Peace through victory - the American way.

Monday, August 07, 2006

There's Wildfire Fuel In Those San Diego Canyons Too.

Several years ago wildfires decimated San Diego County. (Here.) Many homes in the backcountry and on the outskirts of the city were destroyed. Their proximity to the fuel, brush and trees, doomed the homes. Three years later some in San Diego are pushing an initiative to preserve the many canyons that exist within the city limits. (Here.)

It's not known to many outside San Diego that our city is not just a coastal town. The attraction of a canyon view within San Diego's city limits rivals the best coastal views along our beaches. There are many canyons running throughout the city bringing a bit of the backcounty into urban neighborhoods. My densely populated neighborhood is flanked by canyons and is three miles from downtown and the harbor. In my twenty years of living here I've seen possums, racoons, skunks, and squirrels cross my backyard. One summer a pair of small foxes spent their days lounging on a ledge of the cliff that encloses my yard. Once a hawk swooped down to my patio and grabbed a dove that was feeding there.

I have to admit I like the canyons, the skunks notwithstanding. Canyon preservationists use a pretty metaphor to describe the canyons as "the lungs" of San Diego and relentlessly accentuate the positive. (Here.)

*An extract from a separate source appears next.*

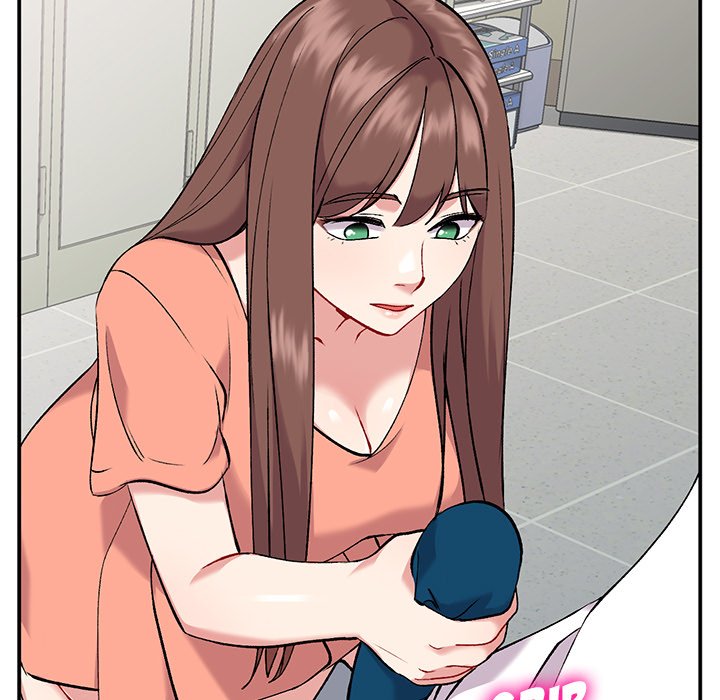 Shh! Her Secret chapter 33 page 57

Yet there's something else about canyons that isn't so benign. The vegetation in the canyons is fuel for wildfires. And these canyons aren't far away in the backcountry next to a few scattered homes here and there. These canyons are found throughout the city right next to thousands of homes.

The people who lost homes in the Cedar fires three years ago mostly lived in rural San Diego County. But back in 1985 residents of Normal Heights, a neighborhood well within the city limits of San Diego, saw their homes burned to the ground by a fire that started in a nearby canyon. (Here.) Perhaps preserving the canyons isn't such a great idea, after all.